Even during hard times, make the holidays something to remember for the kids
By Kathryn Ross
Most everyone knows that times are hard this holiday season. Wallets are thin and prices at the grocery store are higher every time you walk through the sliding doors. No one knows that better than young parents who are trying to raise kids and put food on the table. Older people on fixed incomes also find their pockets emptier every day and see their savings shrinking.
So, think back, there have been hard times before. Our parents and for many, our great and great, great grandparents surely faced them. My parents grew up during the Great Depression which lasted from 1929 to 1939, ten years, not just 10 months. It was a worldwide event and as I’ve heard many times – “In America you couldn’t even get a drink to soften the blow.” Prohibition ran from 1920 to 1933.
It is estimated that two million people found themselves homeless and without steady employment during the Depression. If you’re a student of history at all, you’ve seen the photograph of the gaunt faced, Depression Era mother in her raggedy clothes looking at the camera with a woebegone expression that poses the question, “What do I do now?”
Many of the social programs which exist today got their start during the Great Depression when there were no agencies to help, only the government under Democratic President Franklin D Roosevelt. But this is not a diatribe on politics and whether a Democratic or Republican dominated government is best for this country.
It is about how memories and traditions help us get through the hard times.

As I think back, I don’t remember most of the presents with my name on them, that were under the Christmas tree when I was growing up. I know there was a Tiny Tears doll, a Davy Crockett costume, Rifleman Rifle, ice skates and other things that kids had to have to survive in the competition for who got the best Christmas presents? While I wish I’d preserved those ancient toys from my toy box, today. The memories of them don’t linger in my heart like the memory of my big red jumping horse.
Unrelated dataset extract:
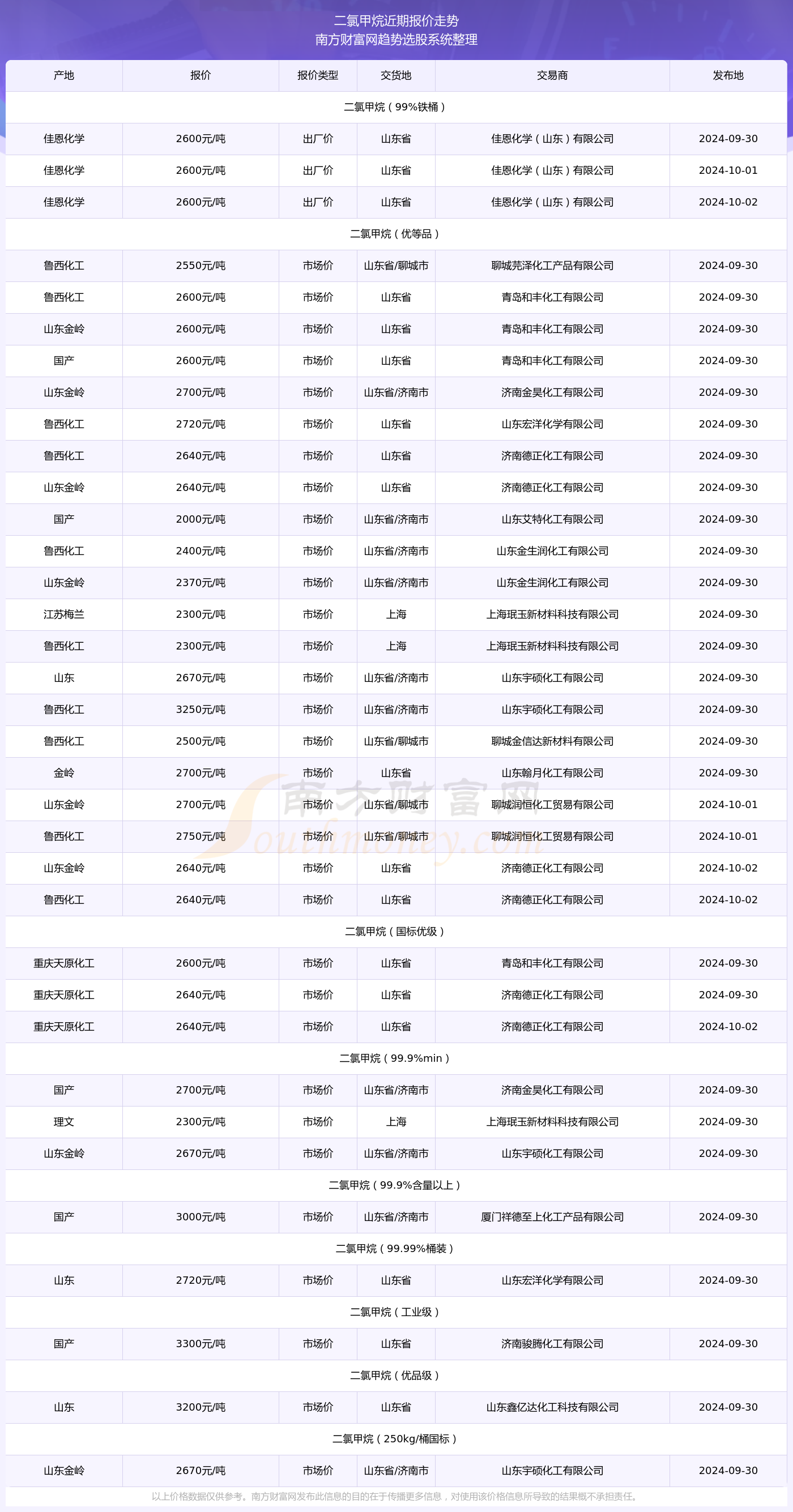 2024年新澳門開獎結(jié)果查詢表,2024年新澳門開獎結(jié)果查詢表格及答案大全，2024年新澳門開獎結(jié)果查詢表及答案大全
My grandfather and father made the wooden bounce horse for me. It sat on a sturdy wooden frame and had heavy industrial gage springs. Its elegant head was carefully sculpted by a man who knew horses, my grandfather, and enhanced by a flowing yellow mane that matched its tail and it had large brown eyes. The reins on his bridle were made of soft yellow leather which had been tanned and fitted by Grampa.
I named my bounce horse Big Red. My eyes have never been brighter since the day I woke up on Christmas morning and hastened downstairs from my bedroom to find Big Red under the Christmas tree. For years I pushed and pulled that heavy, boxy bounce horse (they’d neglected to put wheels on it) from the sunporch where he was stabled, through the parlor and kitchen to the living room to watch Gunsmoke every Sunday night.
Then one year when, in my opinion, I wasn’t quite old enough to stop riding him, Red was gone.
My mother, thinking I was too old for the childish toy, gave Big Red away, without asking me, to a boy who suffered from polio, the plague of my youth. I understood the generosity and humanity of her gesture, and that I was too big for the bounce horse, but I never forgave her. Yet, today, I fondly remember my first horse and how he went to a better home to help another child grow and become stronger.
It is a memory and a gesture that taught me the need to help others, if not the joy.
For me it’s those memories – getting Christmas trees with my dad, sitting it up and decorating it with my mother and sister, griding up gizzards, crackers and celery for the dressing and stuffing the turkey on Christmas Eve, sitting up all Christmas night, wrapping last minute gifts on my parent’s bed, and finishing quilts for the kids with my sister and I tying them off and Mom making the ruffles.
Those are lifelong memories and family traditions, I remember and cherish. Those are the thoughts that linger in my heart after 75 years. Those memories and traditions are important.
In these difficult financial times, forego the packages from Amazon and instead give kids memories and family traditions they will remember for a lifetime.